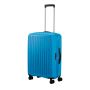 Valise rigide M 68 cm Rejoy Azure Blue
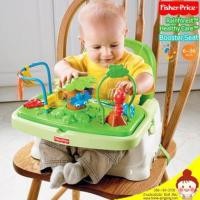 ราคา เก้าอี้ทานข้าว Fisher-Price Rainforest Healthy Care Booster Seat (22634564506)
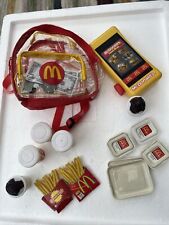 Mcdonalds toy food for sale  ORPINGTON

--------------------------------------------------

INSTRUCTIONS FOR THE TASK
Would it be possible to give the material above again exactly, with the pictures left out?

THE COMPLETED TASK
 Valise rigide M 68 cm Rejoy Azure Blue
 ราคา เก้าอี้ทานข้าว Fisher-Price Rainforest Healthy Care Booster Seat (22634564506)
 Mcdonalds toy food for sale  ORPINGTON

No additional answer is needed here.